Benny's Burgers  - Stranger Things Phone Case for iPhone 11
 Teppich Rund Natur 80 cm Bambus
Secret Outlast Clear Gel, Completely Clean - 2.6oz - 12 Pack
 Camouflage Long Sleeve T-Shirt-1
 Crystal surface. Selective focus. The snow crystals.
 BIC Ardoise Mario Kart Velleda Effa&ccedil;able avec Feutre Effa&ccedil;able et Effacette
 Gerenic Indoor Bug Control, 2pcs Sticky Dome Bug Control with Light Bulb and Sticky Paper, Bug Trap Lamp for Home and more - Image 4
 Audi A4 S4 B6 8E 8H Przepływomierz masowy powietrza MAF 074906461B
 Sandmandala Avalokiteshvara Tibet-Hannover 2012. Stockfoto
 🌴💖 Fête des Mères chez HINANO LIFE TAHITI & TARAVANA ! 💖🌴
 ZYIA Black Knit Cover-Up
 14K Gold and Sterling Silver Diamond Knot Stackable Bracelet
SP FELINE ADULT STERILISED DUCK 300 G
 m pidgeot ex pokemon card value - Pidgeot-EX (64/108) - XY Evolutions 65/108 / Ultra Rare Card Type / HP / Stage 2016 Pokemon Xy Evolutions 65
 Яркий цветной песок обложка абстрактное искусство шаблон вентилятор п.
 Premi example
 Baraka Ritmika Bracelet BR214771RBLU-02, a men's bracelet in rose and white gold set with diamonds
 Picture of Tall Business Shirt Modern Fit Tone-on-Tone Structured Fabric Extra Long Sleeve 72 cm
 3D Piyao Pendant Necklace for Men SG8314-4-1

• [TASK DIRECTIONS]: Return the whole listing exactly, with every line included.

• [SOLVED EXERCISE]:
Benny's Burgers  - Stranger Things Phone Case for iPhone 11
 Teppich Rund Natur 80 cm Bambus
Secret Outlast Clear Gel, Completely Clean - 2.6oz - 12 Pack
 Camouflage Long Sleeve T-Shirt-1
 Crystal surface. Selective focus. The snow crystals.
 BIC Ardoise Mario Kart Velleda Effa&ccedil;able avec Feutre Effa&ccedil;able et Effacette
 Gerenic Indoor Bug Control, 2pcs Sticky Dome Bug Control with Light Bulb and Sticky Paper, Bug Trap Lamp for Home and more - Image 4
 Audi A4 S4 B6 8E 8H Przepływomierz masowy powietrza MAF 074906461B
 Sandmandala Avalokiteshvara Tibet-Hannover 2012. Stockfoto
 🌴💖 Fête des Mères chez HINANO LIFE TAHITI & TARAVANA ! 💖🌴
 ZYIA Black Knit Cover-Up
 14K Gold and Sterling Silver Diamond Knot Stackable Bracelet
SP FELINE ADULT STERILISED DUCK 300 G
 m pidgeot ex pokemon card value - Pidgeot-EX (64/108) - XY Evolutions 65/108 / Ultra Rare Card Type / HP / Stage 2016 Pokemon Xy Evolutions 65
 Яркий цветной песок обложка абстрактное искусство шаблон вентилятор п.
 Premi example
 Baraka Ritmika Bracelet BR214771RBLU-02, a men's bracelet in rose and white gold set with diamonds
 Picture of Tall Business Shirt Modern Fit Tone-on-Tone Structured Fabric Extra Long Sleeve 72 cm
 3D Piyao Pendant Necklace for Men SG8314-4-1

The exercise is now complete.